Exercise details.
Your answer must be a word-for-word copy of the listing, with all pictures excluded.

--- Provided entries Enclosed Below ---

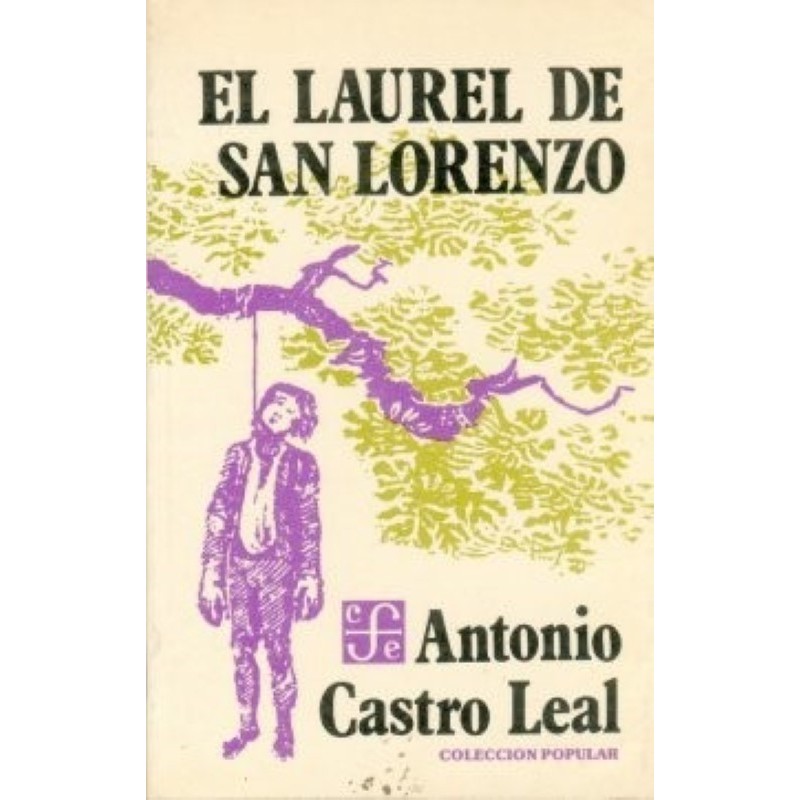El laurel de san Lorenzo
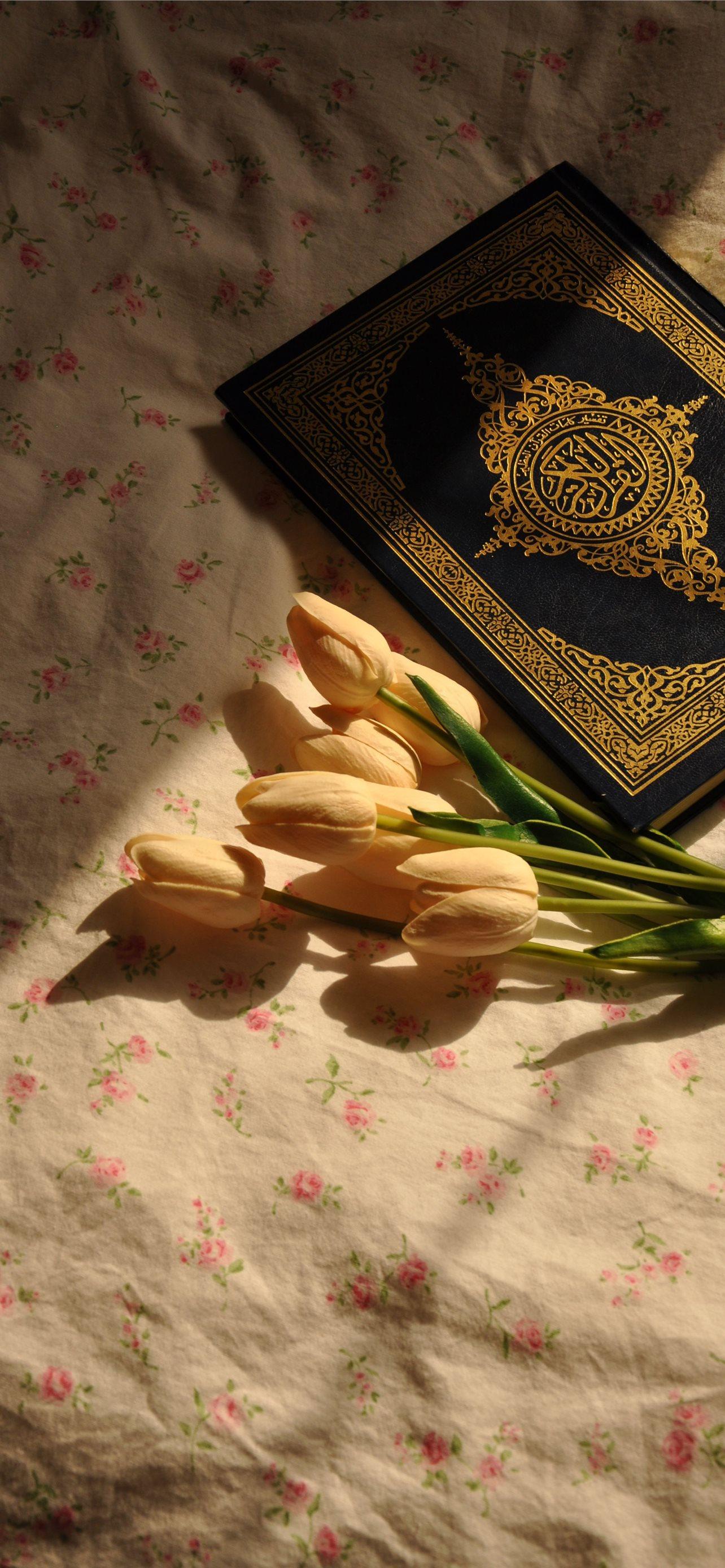 1284x2778 Best Allah iPhone HD Wallpaper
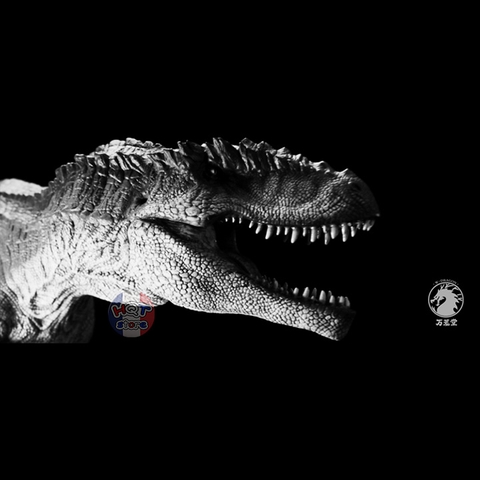 Mô hình khủng long Giganotosaurus W-Dragon tỉ lệ 1/35 chính hãng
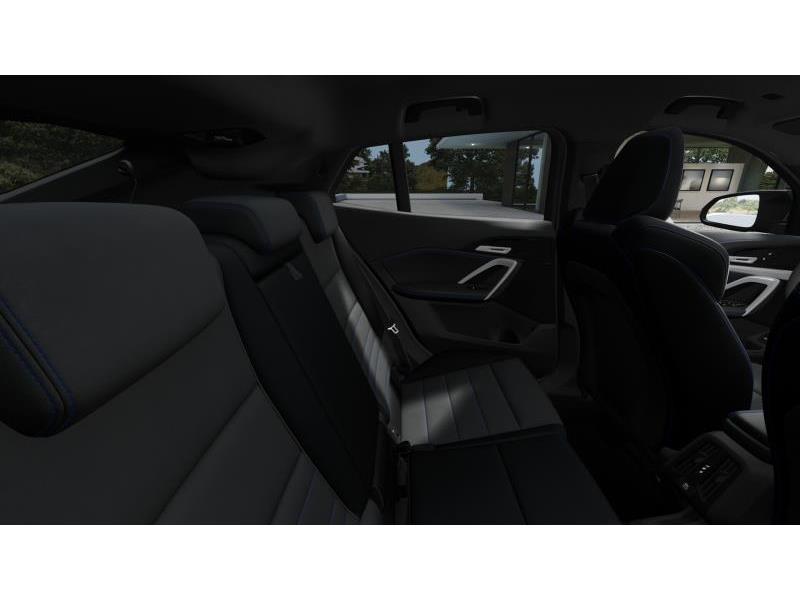 BMW X2 sdrive 20d 48v msport pro auto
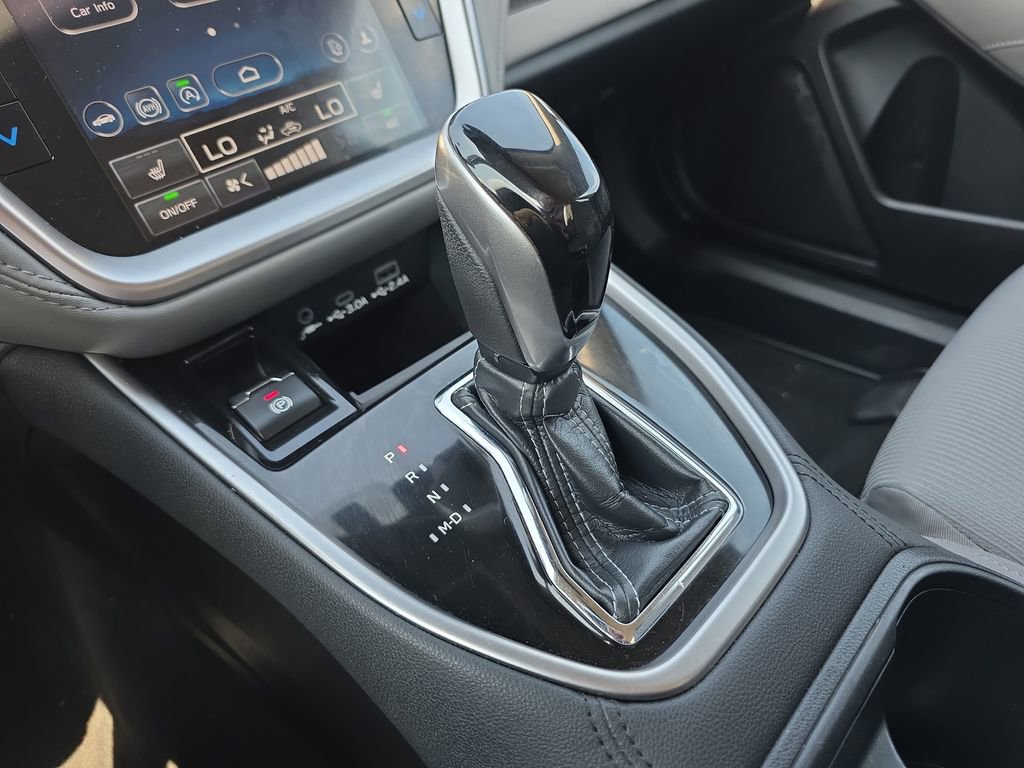 Used 2023 Subaru Legacy Premium AWD/4WD image 35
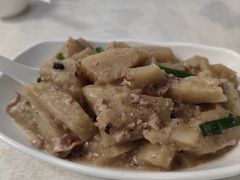 -腰记饭店(龙源路店)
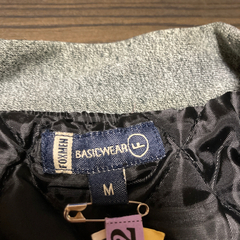 綿入りベスト⇒値下げ¥100の画像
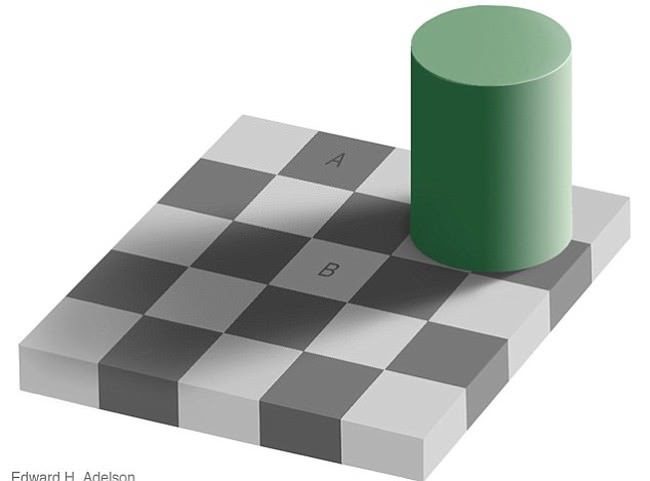Optical Illusions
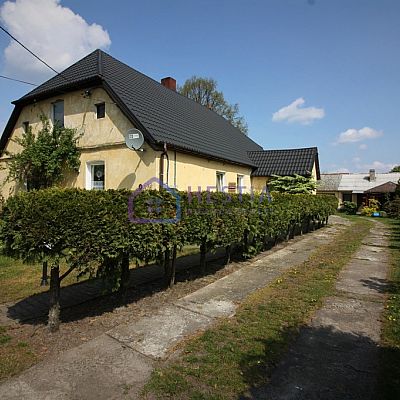 DOM na SPRZEDAŻ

--- End of Enclosed Provided entries ---

Result for this exercise.
El laurel de san Lorenzo
 1284x2778 Best Allah iPhone HD Wallpaper
 Mô hình khủng long Giganotosaurus W-Dragon tỉ lệ 1/35 chính hãng
 BMW X2 sdrive 20d 48v msport pro auto
 Used 2023 Subaru Legacy Premium AWD/4WD image 35
 -腰记饭店(龙源路店)
 綿入りベスト⇒値下げ¥100の画像
Optical Illusions
 DOM na SPRZEDAŻ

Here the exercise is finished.